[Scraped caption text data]
- - - -

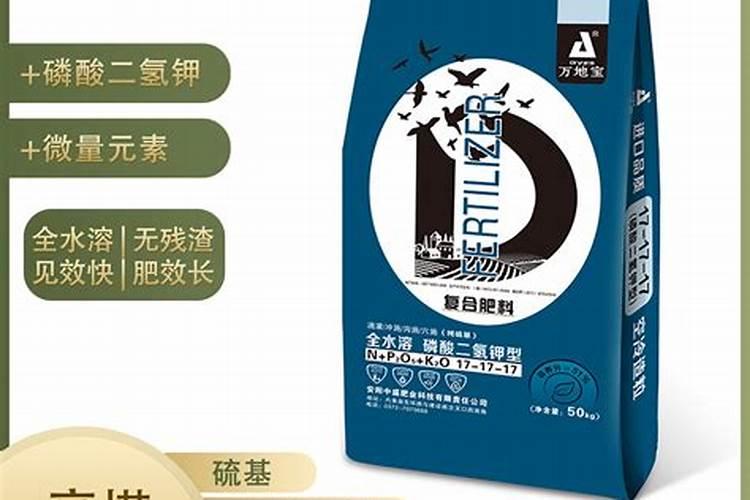 大棚种植茄子需要什么肥料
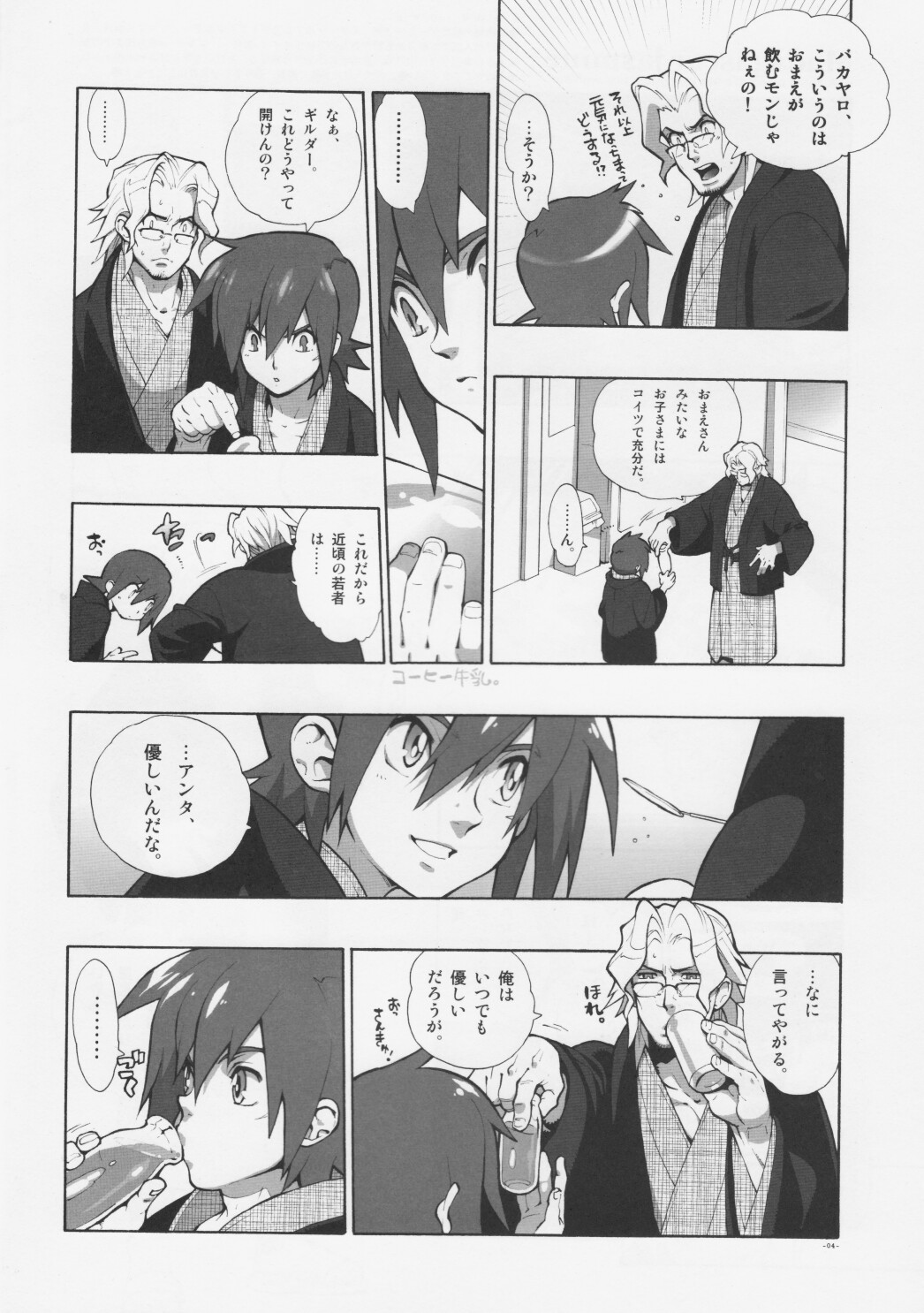 Madagascar jasmine. page 4 full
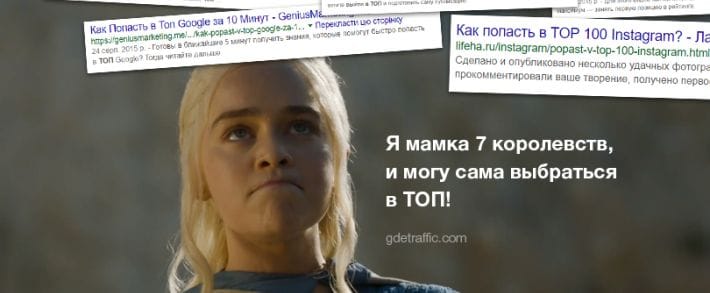 Стратегия победителя. Выводим сайт в ТОП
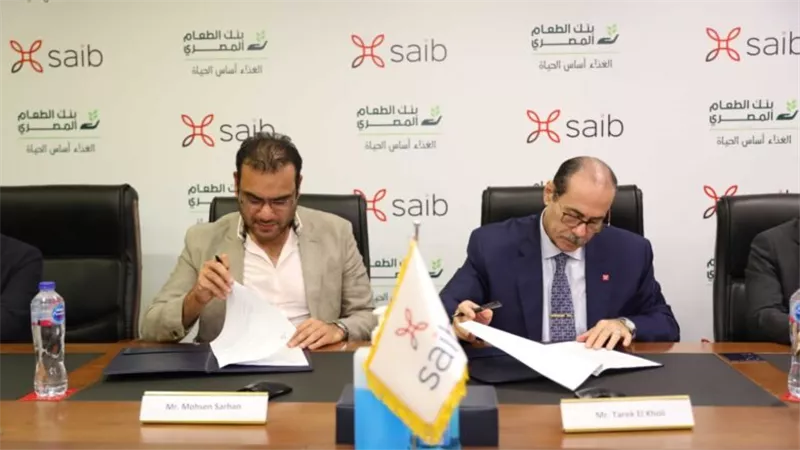 بنك saib يوقع بروتوكول تعاون مع بنك الطعام المصري لدعم صغار المزارعين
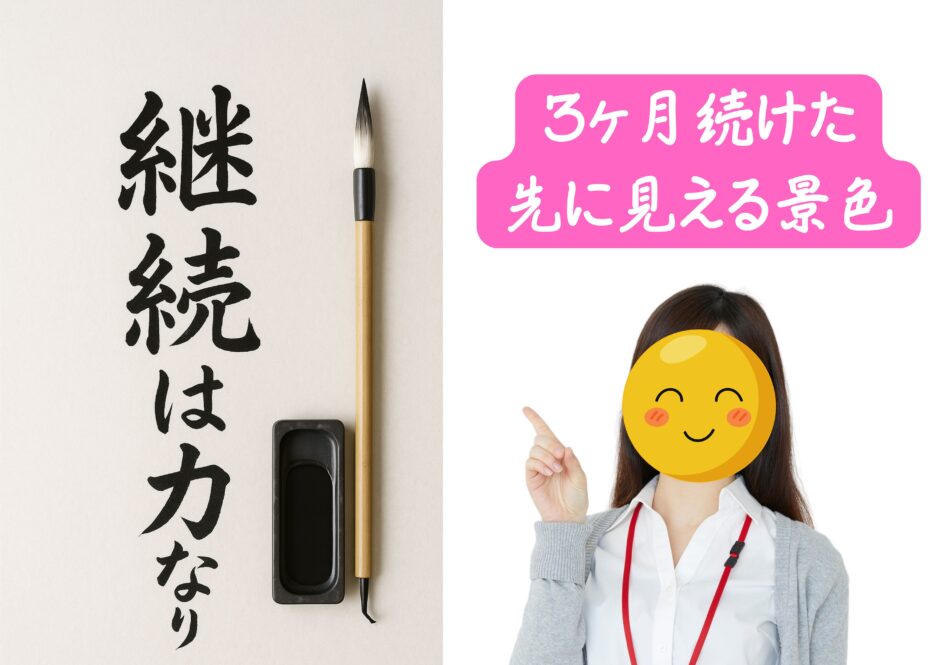 ３ヵ月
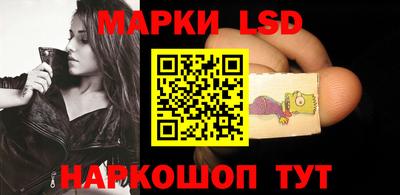 амфетамин Абинск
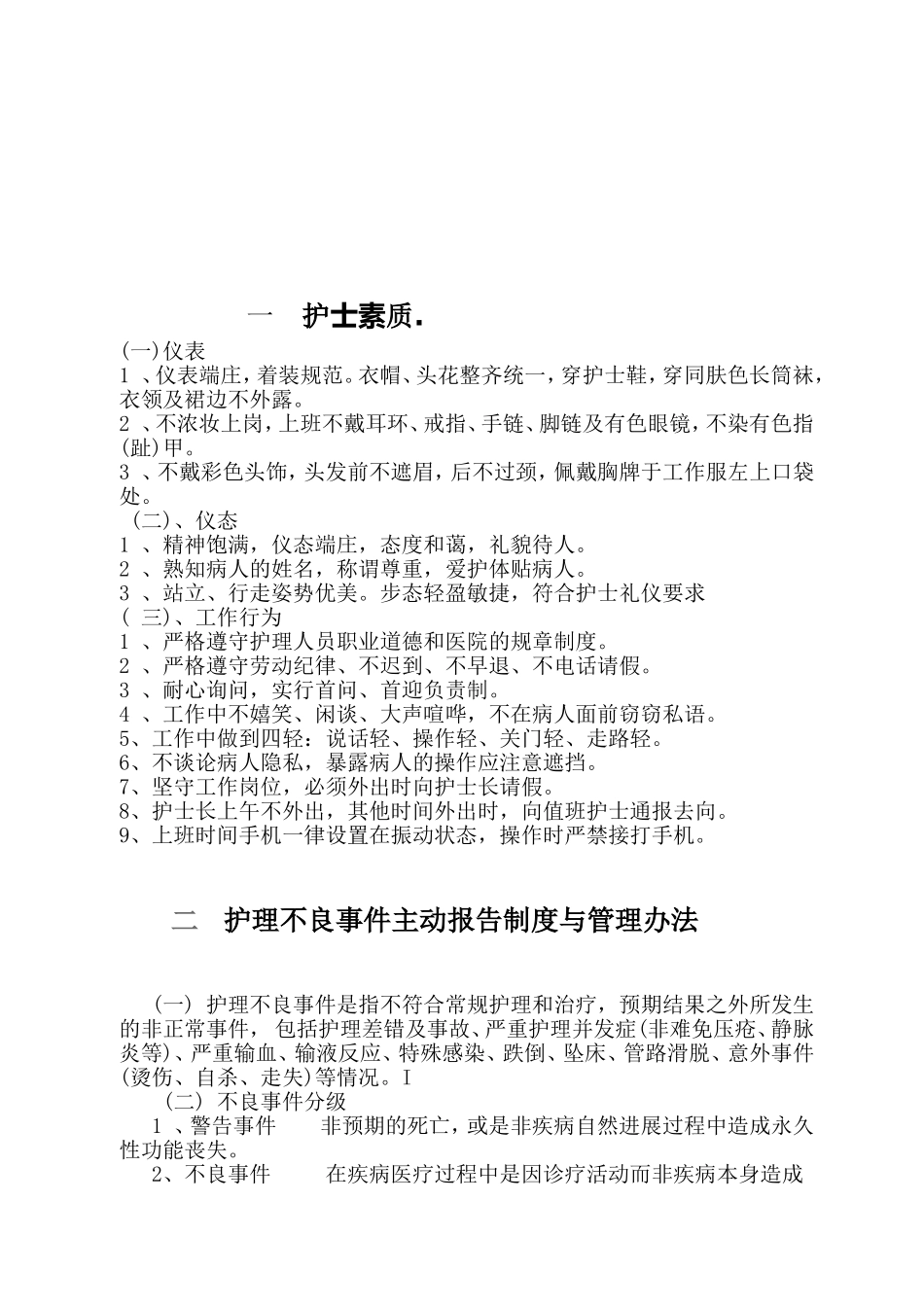 手术室护理工作制度汇编_第3页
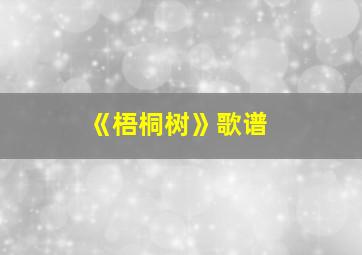 《梧桐树》歌谱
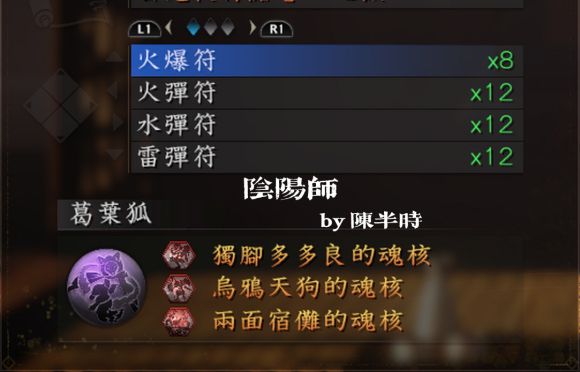 明日方舟：资深干员tag搭配技巧大揭秘！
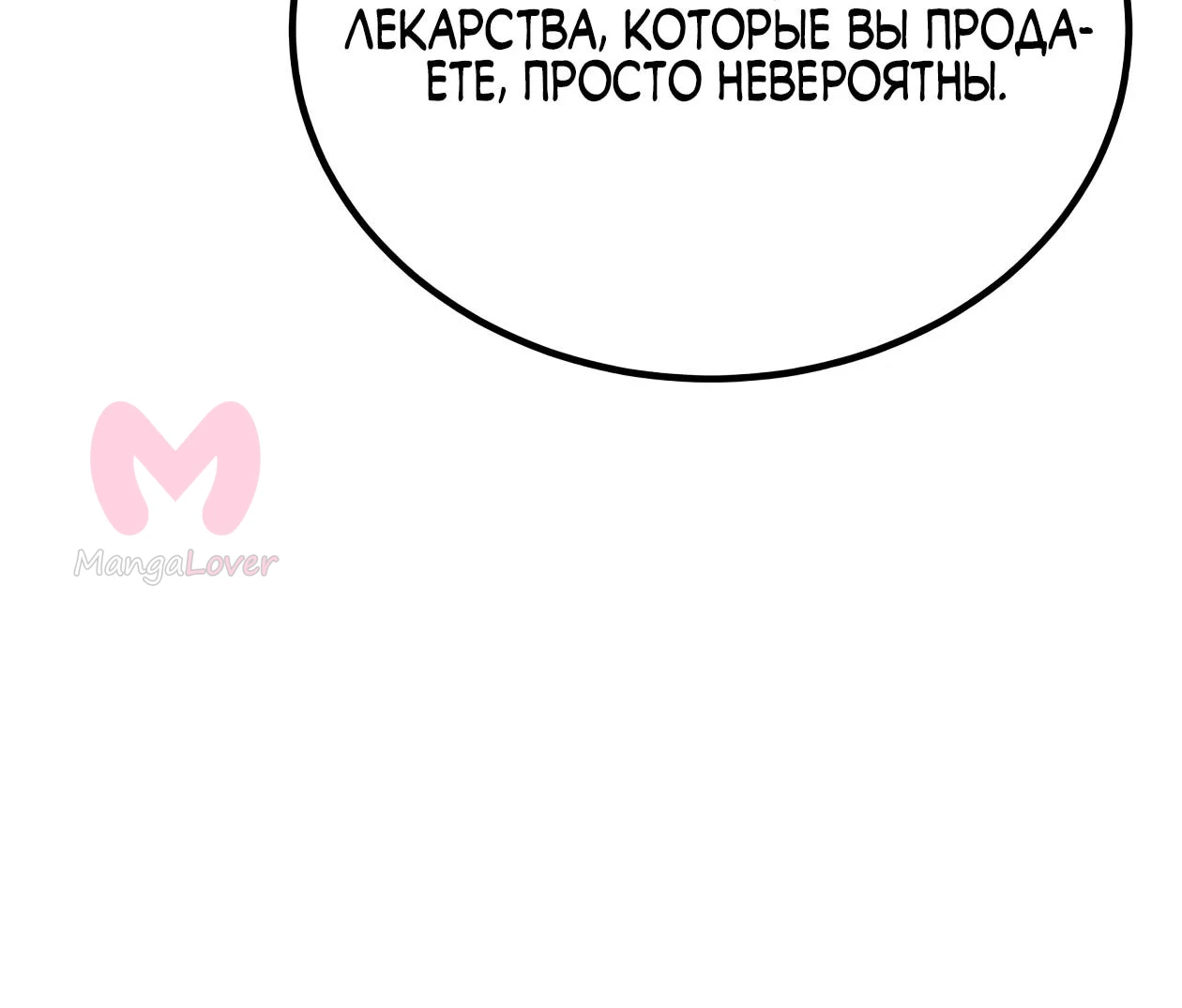 Небесный демон жаждет покоя — Глава 88, страница 138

- - - -

■ What is needed: Print all entries exactly; skip the pictures.

■ Output:
 大棚种植茄子需要什么肥料
 Madagascar jasmine. page 4 full
 Стратегия победителя. Выводим сайт в ТОП
 بنك saib يوقع بروتوكول تعاون مع بنك الطعام المصري لدعم صغار المزارعين
 ３ヵ月
 амфетамин Абинск
 手术室护理工作制度汇编_第3页
 《梧桐树》歌谱
 明日方舟：资深干员tag搭配技巧大揭秘！
 Небесный демон жаждет покоя — Глава 88, страница 138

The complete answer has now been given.